Texas AG Greg Abbott says same-sex benefits in Houston violate constitutional amendment banning gay marriage

Texas Attorney General Greg Abbott
Texas Attorney General Greg Abbott
Jan. 21, 2014
Republican Texas Attorney General Greg Abbott is attempting to intervene in two federal lawsuits over same-sex benefits for Houston employees, saying he believes the benefits violate the Texas Constitution.
Abbott’s office has requested permission to file friend-of-the-court briefs in the two cases, according to federal court records. A judge has yet to rule on the requests.
In December, two Houston taxpayers sued over Houston Mayor Annise Parker’s decision to extend benefits to the same-sex spouses of city employees. In response to the lawsuit, a state district judge issued a temporary restraining order halting the benefits. But then Parker and the city removed the case to federal court, where U.S. District Judge Lee Rosenthal declined to issue a new restraining order. Same-sex benefits have resumed as the lawsuit proceeds.
On Jan. 17, Abbott’s office requested Rosenthal’s permission to file a brief saying the case, Pidgeon v. Parker, should be remanded to state court.
“The need for a prompt remand is particularly acute because the defendants’ improper removal is enabling them to persist in violating the Texas Constitution,” the AG’s office wrote in the brief. “In the context of this litigation, only a state court has jurisdiction to enjoin the defendants’ unconstitutional conduct. The case should be remanded to allow Texas courts to enforce the Texas Constitution.”
The other lawsuit, Freeman v. Parker, was filed by the LGBT civil rights group Lambda Legal, on behalf of three gay Houston employees, against Parker and the city — after same-sex benefits were halted due to the restraining order.
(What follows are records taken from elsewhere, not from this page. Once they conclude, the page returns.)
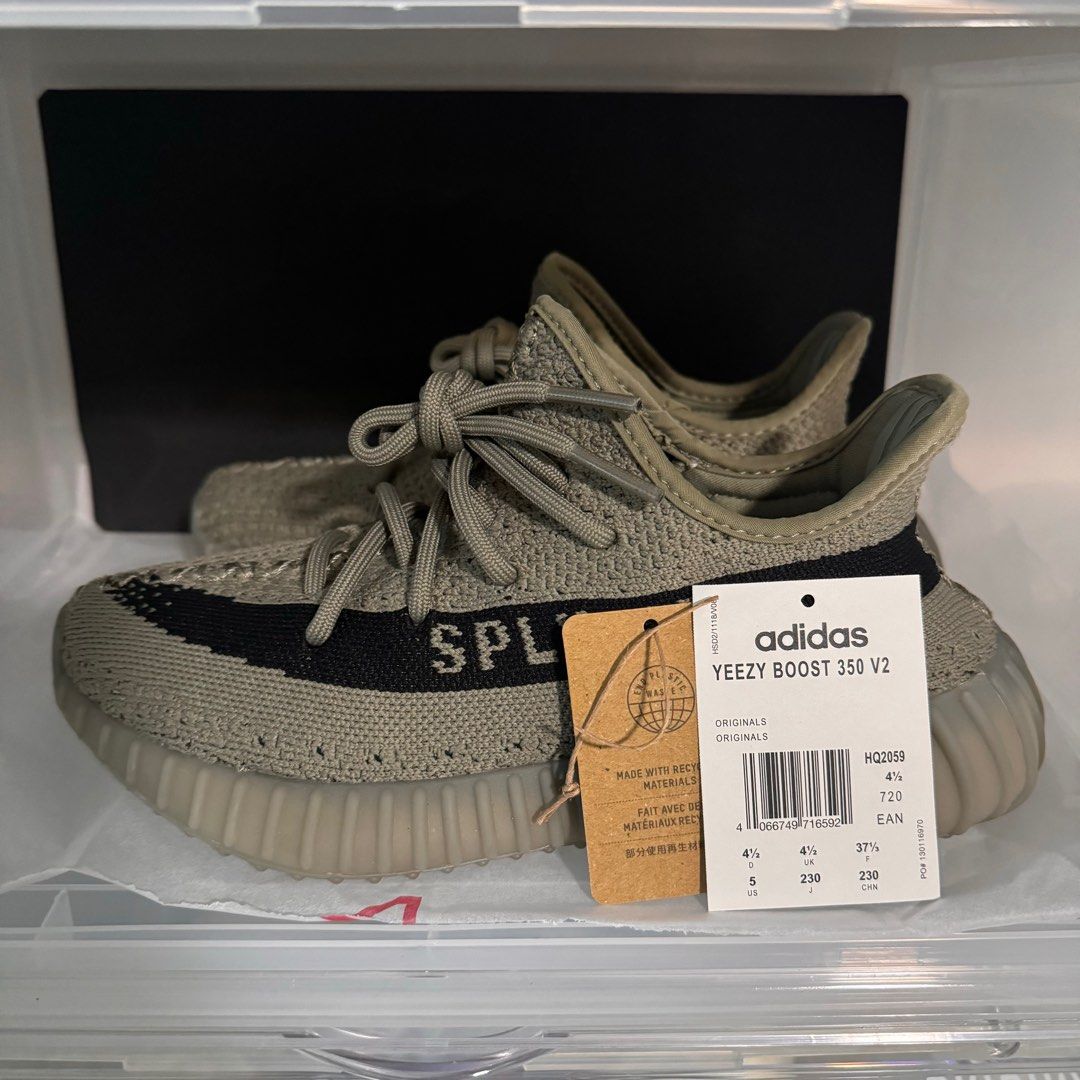 Adidas yeezy black fashion new arrivals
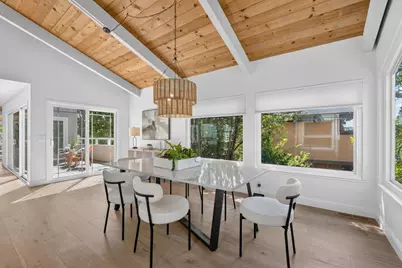 107 Via Soderini, Aptos, CA 95003 - Photo 3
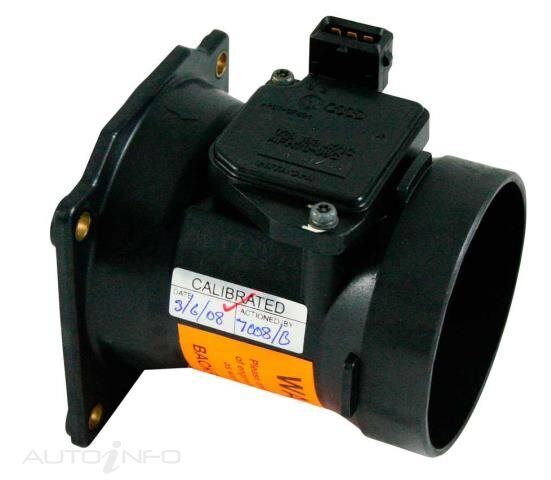 Goss Fuel Injection Air Flow Meter For Audi A6 V6 Quattro C5 2.8L ACK 30V DOHC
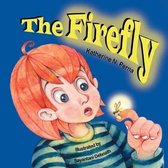 The Firefly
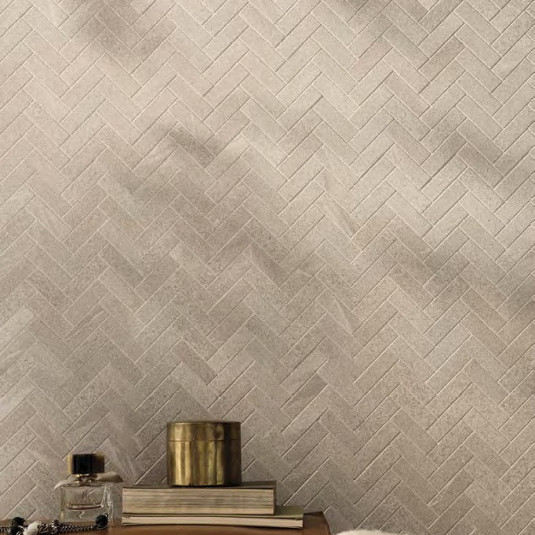 Imola Lime-Rock LMRCK 75N RM 75x75
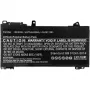 CoreParts MBXHP-BA0213 baterija nešiojamam kompiuteriui HP
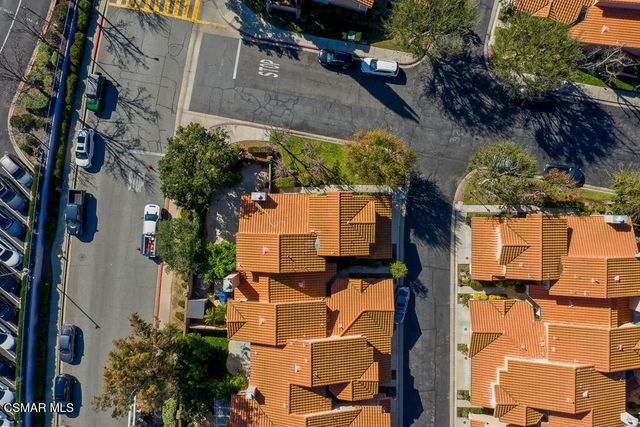 4928 Lazio Way, Oak Park, CA 91377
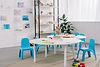close-up-view-toys-colorful-bricks-on-floor-and-d-2023-11-27-05-16-54-utc.jpg
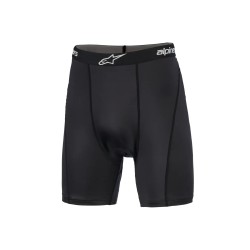 MX Padded Boxers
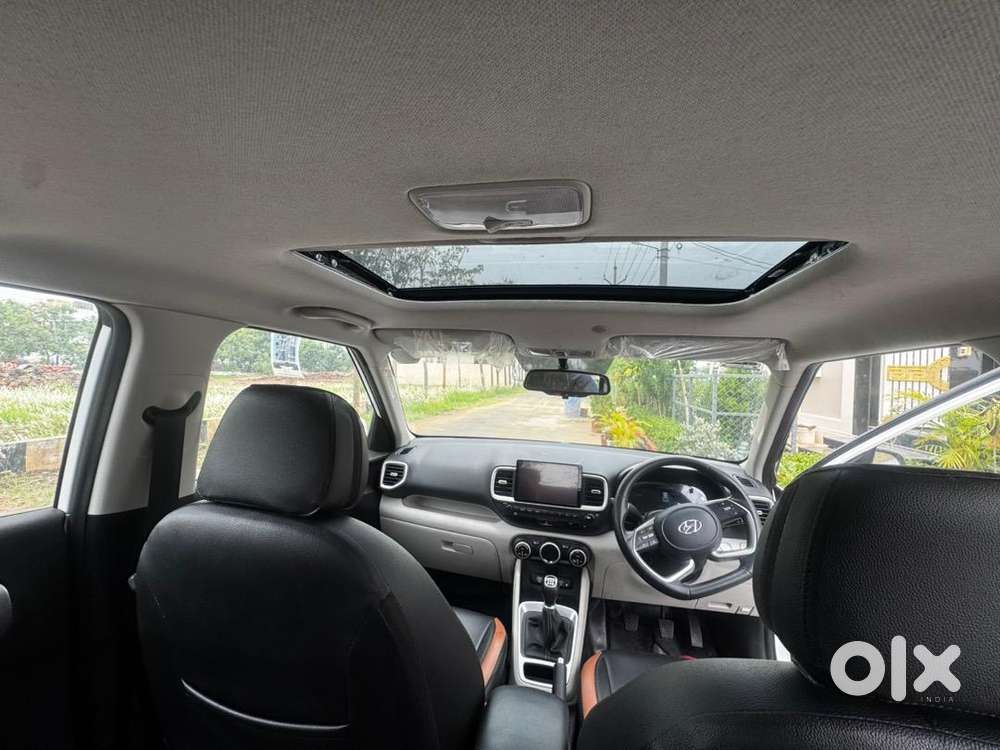 Well-maintained Car For Sale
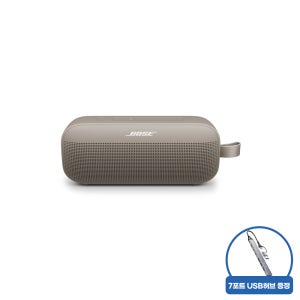 BOSE 사운드링크 플렉스 2세대 스피커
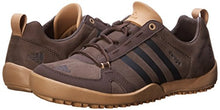 Adidas Outdoor Daroga Two 11 Leather Shoe - Men's
adidas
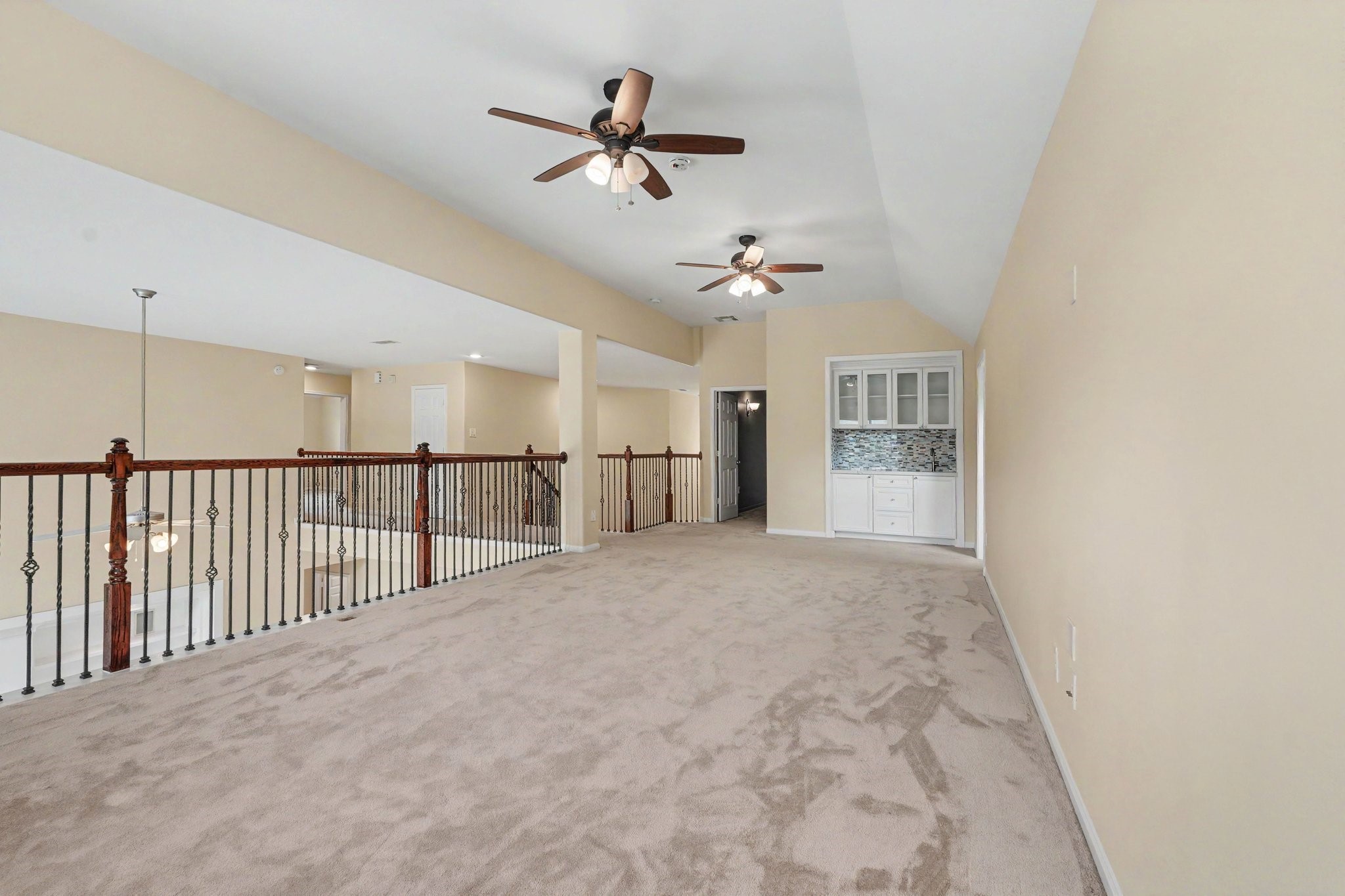 19507 Salt Grass Meadow Drive Property Photo 28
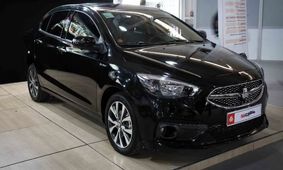 قیمت محصولات سایپا امروز دوشنبه 22 اردیبهشت 1404/ شاهین سقوط کرد +جدول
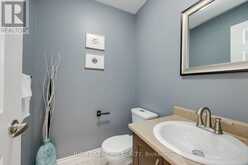 2416 LAZIO LANE | Oakville Ontario | Slide Image Thirteen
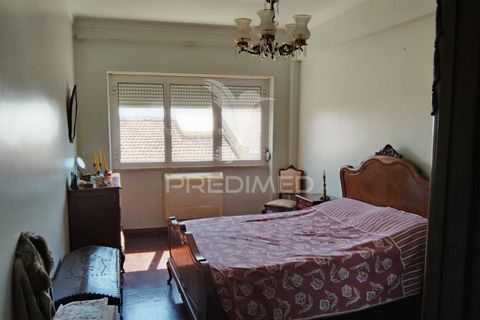 Lejlighed i Sintra, Lisbon, Sintra - € 349.000 | Ref: 061427 - foto 9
In that case, Abbott’s office is asking the judge to dismiss the lawsuit, since Lambda Legal, Parker and the city are on the same side of the underlying issue.
“The plaintiffs and defendants all desire a regime that extends health benefits to the same-sex partners of city employees who obtained marriage licenses from other jurisdictions, and the defendants are refusing to obey state laws that prohibit them from recognizing out-of-state same-sex marriages,” Abbott’s office wrote. “The defendants appear to have no intention of obeying the state’s marriage laws absent compulsion by a judge. That means the plaintiffs’ true grievances are not with city officials but with the state-court judges that enforce state law against those city officials.”
Last year, Abbott’s office issued a nonbinding, advisory opinion saying domestic partner benefits offered by local government entities violate the constitutional amendment approved by voters in 2005. The amendment says: “Marriage in this state shall consist only of the union of one man and one woman. This state or a political subdivision of this state may not create or recognize any legal status identical or similar to marriage.”
Abbott’s office is also defending the state’s marriage bans against three separate federal lawsuits from same-sex couples directly challenging the amendment. The lawsuits allege the state is violating the couples’ rights to due process and equal protection under the U.S. Constitution. And Abbott has intervened to block same-sex couples from obtaining divorces in Texas, in cases that are pending before the Texas Supreme Court.
Abbott is running for governor in 2014 and is expected to face Democrat Wendy Davis in November.